Сам Юлиан Семенов говорил об этом открыто и неоднократно. Только имени не называл. Потому многие решили, что Штирлиц — образ собирательный, немного от того, немного от другого... А теперь выясняется, что ничего собирательного не было, что человек был один, вполне конкретный — Исай Исаевич Боровой. А неназванным он остался по причинам тоже вполне понятным.


— Где и кем сделан этот снимок?
— Мной, в начале весны 1953 года, в Красноярском крае.
— Каким образом судьба свела вас с этим человеком?
— Я отбывал тогда ссылку в Красноярском крае. Однажды в мой домик на реке Ишимба заехал начальник районного управления МГБ Григорий Зенин (обычно он приезжал в наши края охотиться) и сказал: "Я тебе тут человека привез — Исая Исаевича Борового, бывшего разведчика. Он очень пострадал. Надо бы пристроить его в тепло".

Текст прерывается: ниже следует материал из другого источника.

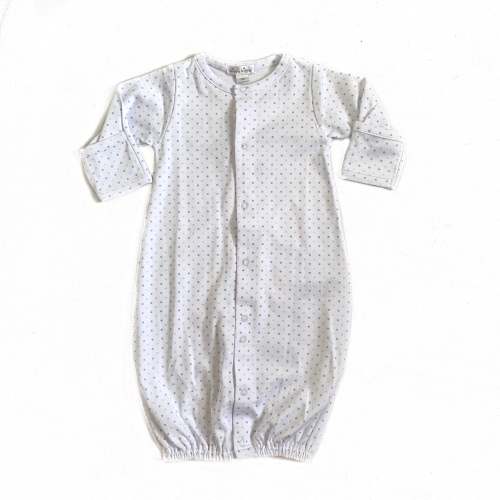 Kissy Kissy Blue Conv Dot Gown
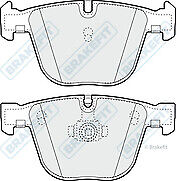 BRAKE PADS FOR BMW 535D M SPORT E61 E60 BRAKE PADS REAR& WEAR SENSORS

...Состояние гостя было страшным — на допросах ему переломали руки и ноги, повредили позвоночник. Допрашивали, судя по всему, недавно: одна рука еще была в гипсе. Пристроить его в систему геологоразведки НКВД было нереально — какой из него работник? Я сказал Зенину, что в поселке открывается библиотека, — книг, правда, еще нет, но устроить туда человека можно.

Боровой жил у меня, а в библиотеку я его водил — ему трудно было ходить из-за страшных болей. Я заставлял его двигаться, не давал ему лежать, выводил на прогулки.

— Сколько лет было тогда Боровому?
— За пятьдесят, я думаю...
— Какое впечатление он на вас произвел?
— Очень сильное. Мы с ним вспоминали довоенные годы — у него была феноменальная память. И в то же время в разговорах с ним можно было доходить только до определенных пределов, дальше — стена. И тогда без лишних слов он давал понять, что
лучше перейти на другую тему. При всем том Исай Исаевич отнюдь не был человеком-машиной. Скорее он производил впечатление "великосветского" немца — я таких знал еще по Москве.
— Когда его арестовали и за что?
— Арестовали в 1944-м. За что — не рассказывал. Возможно, стал жертвой межведомственной распри: в НКВД очень ревниво относились к военной разведке, в дела которой "особистов" никогда не посвящали.Дошло до того, что в конце войны Берия разгромил всю сеть советской военной разведки — главным свидетелем обвинения на процессе по делу Берия и был Исай Исаевич Боровой. После смерти Сталина вообще начали твориться очень странные вещи. Например, в лагерях вдруг стали массами умирать иностранцы. (Почему-то на эту волну смертей до сих пор никто не обратил специального внимания.) А причина, я думаю, была в том, что иностранцы слишком много знали и кое-кому в НКВД было ни к чему оставлять свидетелей. Ведь никто не знал, что готовит грядущий день. Сам Берия не знал. И Боровой попал на Ишимбу не случайно. Дело в том, что угол мой в тех краях был самым медвежьим. Видимо, Борового хотели от кого-то спрятать. И как только Берия был арестован, Борового спецрейсом вывезли в Москву — через несколько месяцев после нашего с ним знакомства.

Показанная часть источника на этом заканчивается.